God bless you all & believe me

Your ever aff

RBL

PS. Will you ask Browning to get my ‘In Memoriam’ [6] from Mr Greene, before he leaves the baths, shd he have a chance of so doing–

[Continued by Isa Blagden]

Did Mr Browning ever receive a letter from me—? I wrote one to him just before Lytton’s–

You will see our letters crossed– I hope you are all going on well. We went to the Cocomero [7] last night—& took Frolic!!!! [8] tell Penini—he liked it so much– Lytton did not go to the Kinneys with us he went to the W.s! [9]

Address, in Lytton’s hand: Bagni di Lucca / Mrs Browning / à la Villa / Bains de Lucques / la Toscane.

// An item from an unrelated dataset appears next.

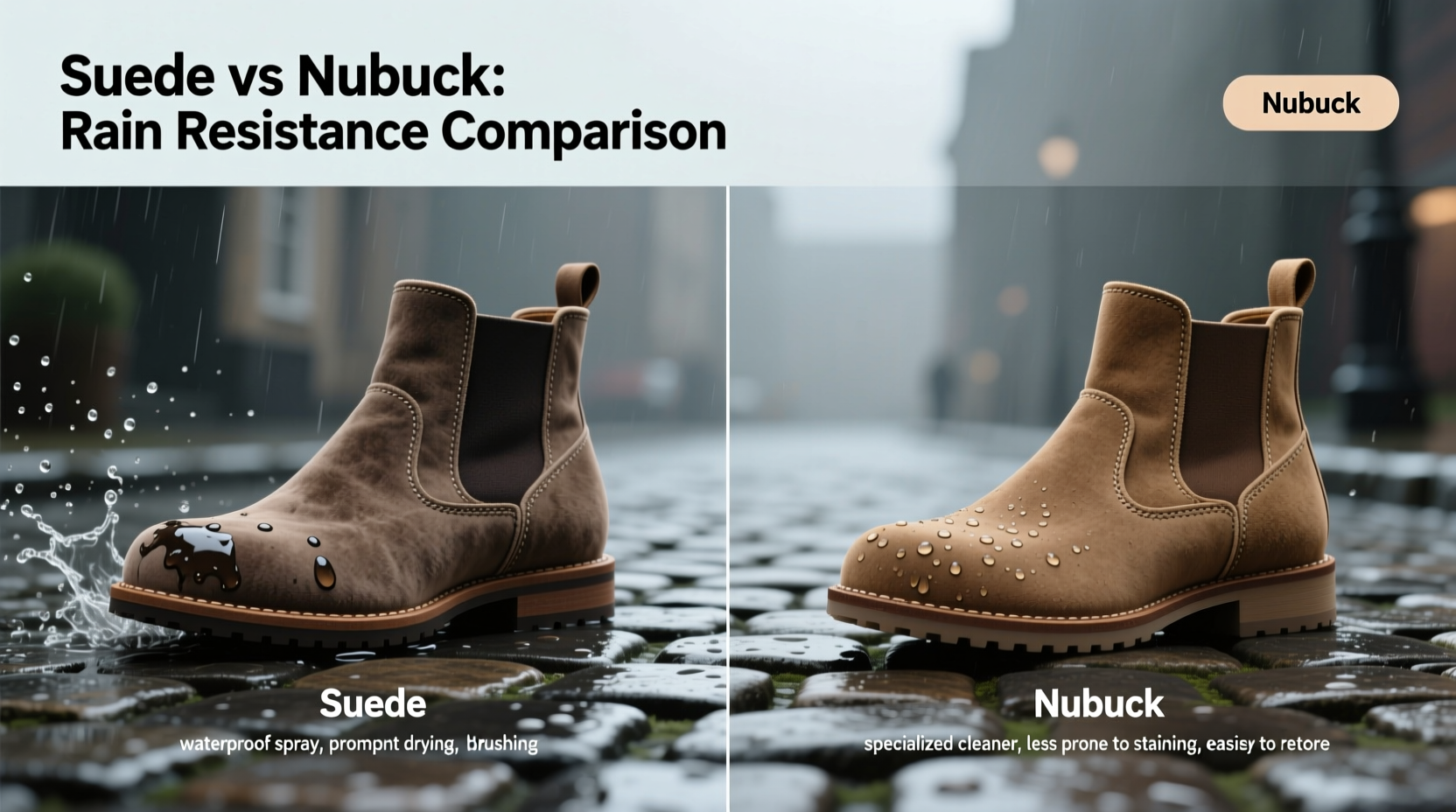 suede vs nubuck boots which is easier to maintain in rain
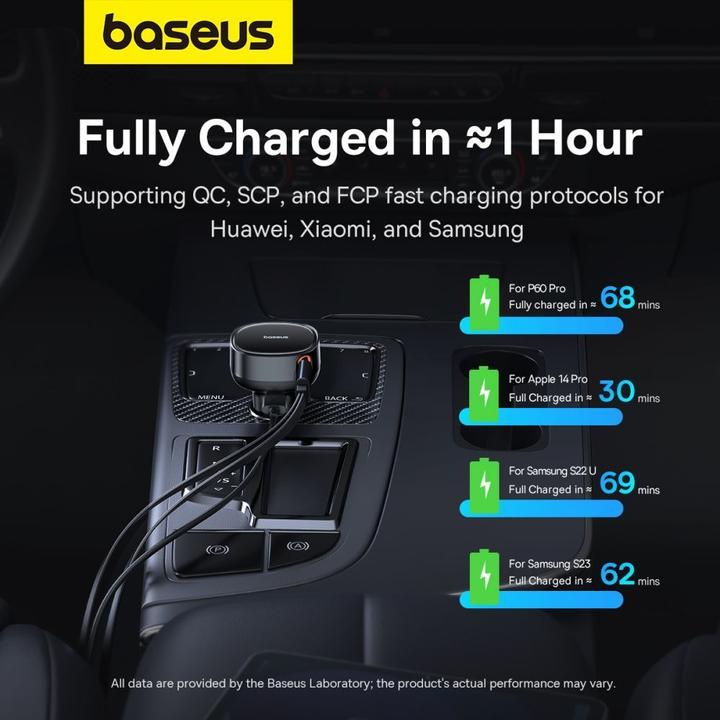 Actual product image Baseus Car Charger Enjoyment USB with USB-C cable and Lightning 60W (black)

Publication: BBIS-10, pp. 140–144.

Manuscript: Armstrong Browning Library.

1. This letter is not extant, but EBB may have briefly described it in letter 3800: “I have had another letter from Mr. Story, consisting of six sheets & confirmatory of the spirits– He has had a medium walking in the air over his head … table floating in like way.”

2. Unidentified.

3. “Conjuring.”

4. Sic, for Eldredge; one of Emelyn Story’s five brothers (see letter 3734, note 6).

5. i.e., Charles Gibbs (alias James Jeffreys), an American pirate, who was hanged on 22 April 1831 at Ellis Island, New York, after being found guilty of mutiny and murder. While awaiting execution, he dictated the story of his adventures, confessing to hundreds of murders (see Mutiny and Murder: Confession of Charles Gibbs, Providence, Rhode Island, 1831).

6. The poem by Alfred Tennyson; see letter 2859, note 5.

7. “Watermelon,” a theatre, later (1860) re-named “Teatro Niccolini,” on Via del Cocomero (now Via Ricasoli), next to the Duomo.

8. Isa Blagden’s dog, a King Charles spaniel (see letter 2836, note 14).

9. Fleetwood Wilson and his wife, Harriet (see letter 3427, note 5).